After meeting Fr. Nicolas Joseph Albert von Diessbach (25 February 1732 – 22 December 1798) in Torino in 1779, Lanteri adopted Diessbach's passion for distributing good books as a remedy with both spiritual and human dimensions. Diessbach himself was converted from the Calvinism of his youth and the agnosticism of his military years by the chance reading of a good book that passionately expounded the truths of Catholicism. With Lanteri he established a close-knit group of laypeople and clergy called the Amicizia Cristiana (Christian Friendship), who worked together to disseminate well-written, edifying books that inspired people to grow in their faith, contribute to society and cope with the unwelcome changes in their lives at the dawn of the French Revolution. The Amicizia maintained catalogues of such books and managed a covert lending library in support of this work. Lanteri also communicated this passion for good literature to the Oblates of the Virgin Mary.
Fr. Diessbach, a former Jesuit (the Society of Jesus having been suppressed by Pope Clement XIV in 1773) also introduced Lanteri to the spiritual patrimony of St. Ignatius of Loyola, particularly his Spiritual Exercises. In this series of guided meditations through which one becomes more attentive to the movements of the heart (discernment) and the accompanying rules for adapting them to individuals' particular spiritual needs, Lanteri recognized a powerful instrument for pastoral ministry, especially for conversion. He applied them continuously in his own life and prayer, recommended them to others, and established groups of people whom he trained to do the same. These groups eventually yielded to the formation of the Convitto Ecclesiastico (Priestly Residence) and the Oblates of the Virgin Mary, whom he charged to continue this work.
Lanteri worked to turn the tide of Jansenism, which had become popular in Europe in the preceding centuries and retained many adherents in his time, though formally condemned by the Catholic Church. He himself held certain Jansenistic tenets at age 20, but through the influence of Jesuit Fr. Diessbach he encountered the moral theology of then-Blessed Alphonsus Liguori and definitively rejected Jansenism.
Lanteri subsequently promoted Liguorian moral theology, which is based on mercy and hope in contrast with a condemning and rigoristic Jansenism, both personally as he counseled people and young priests and institutionally through various publications. Of particular note is his 1823 book, published anonymously in French, entitled Réflexions sur la sainteté et la doctrine du Bienheureux Liguori (Reflections on the Holiness and Teaching of Blessed Liguori). It was soon translated into Italian and then Spanish. In this prose work, Lanteri describes the character of Liguori and his doctrinal teaching, particularly his moral theology.

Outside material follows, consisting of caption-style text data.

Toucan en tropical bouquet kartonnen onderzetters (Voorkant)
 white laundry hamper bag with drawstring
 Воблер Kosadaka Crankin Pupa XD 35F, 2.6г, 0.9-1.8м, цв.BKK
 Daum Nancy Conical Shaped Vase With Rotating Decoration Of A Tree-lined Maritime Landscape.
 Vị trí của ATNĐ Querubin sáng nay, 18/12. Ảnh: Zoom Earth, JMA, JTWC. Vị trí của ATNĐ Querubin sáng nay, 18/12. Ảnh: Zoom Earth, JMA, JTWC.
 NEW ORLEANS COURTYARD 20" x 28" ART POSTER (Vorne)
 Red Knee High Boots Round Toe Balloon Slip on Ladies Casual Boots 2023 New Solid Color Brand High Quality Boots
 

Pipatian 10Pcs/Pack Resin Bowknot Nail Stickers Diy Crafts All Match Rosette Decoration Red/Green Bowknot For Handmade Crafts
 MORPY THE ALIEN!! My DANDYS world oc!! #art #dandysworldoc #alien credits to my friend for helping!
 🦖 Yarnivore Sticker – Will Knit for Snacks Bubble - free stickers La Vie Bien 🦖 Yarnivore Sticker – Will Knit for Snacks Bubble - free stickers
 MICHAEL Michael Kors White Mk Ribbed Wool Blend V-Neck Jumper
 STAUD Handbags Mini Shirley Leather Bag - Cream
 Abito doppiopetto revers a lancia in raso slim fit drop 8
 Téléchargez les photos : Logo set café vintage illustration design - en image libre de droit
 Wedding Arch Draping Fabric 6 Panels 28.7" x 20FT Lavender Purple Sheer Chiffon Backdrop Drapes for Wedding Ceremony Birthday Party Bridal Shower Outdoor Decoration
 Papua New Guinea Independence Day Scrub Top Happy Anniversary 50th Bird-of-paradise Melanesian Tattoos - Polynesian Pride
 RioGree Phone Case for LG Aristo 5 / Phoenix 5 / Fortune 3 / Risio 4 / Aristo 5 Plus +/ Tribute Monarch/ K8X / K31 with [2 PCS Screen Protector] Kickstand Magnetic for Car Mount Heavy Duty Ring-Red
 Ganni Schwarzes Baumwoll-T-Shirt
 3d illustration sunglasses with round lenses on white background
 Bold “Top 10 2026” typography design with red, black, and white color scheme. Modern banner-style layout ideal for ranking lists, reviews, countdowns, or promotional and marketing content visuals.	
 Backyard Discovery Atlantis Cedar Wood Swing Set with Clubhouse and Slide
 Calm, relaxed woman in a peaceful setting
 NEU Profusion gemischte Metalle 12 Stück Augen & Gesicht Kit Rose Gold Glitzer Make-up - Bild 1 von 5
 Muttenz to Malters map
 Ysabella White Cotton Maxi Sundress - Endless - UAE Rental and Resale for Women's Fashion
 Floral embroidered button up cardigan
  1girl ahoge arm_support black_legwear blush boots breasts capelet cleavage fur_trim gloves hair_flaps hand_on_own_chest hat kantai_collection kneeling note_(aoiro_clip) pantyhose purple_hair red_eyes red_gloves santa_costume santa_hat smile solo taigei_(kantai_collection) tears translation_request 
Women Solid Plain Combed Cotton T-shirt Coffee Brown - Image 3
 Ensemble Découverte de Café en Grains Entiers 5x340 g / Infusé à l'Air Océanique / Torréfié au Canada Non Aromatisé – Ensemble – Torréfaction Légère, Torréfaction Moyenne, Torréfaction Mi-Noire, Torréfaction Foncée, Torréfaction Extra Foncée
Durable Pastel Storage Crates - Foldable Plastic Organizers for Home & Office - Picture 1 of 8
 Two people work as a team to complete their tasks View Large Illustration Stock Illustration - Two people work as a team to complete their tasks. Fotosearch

The book includes an exhaustive catalogue of Liguori's written works, which was a substantial aid to the Vatican committee reviewing Alphonsus' life and works.
Scholars such as Guerber have shown that Lanteri, together with Diessbach and their associates in Northern Italy and France, was in large part responsible for the widespread familiarity among clergy with the moral theology of Alphonsus Liguori and its usefulness to both combat Jansenism and accomplish their evangelical mission. One persistent point of Lanteri's teaching was to always follow the magisterium of the Church; the writings of Alphonsus Liguori had been officially declared "free of anything worthy of censure", and Lanteri always used this fact in support of his own promotion of Liguori's teaching.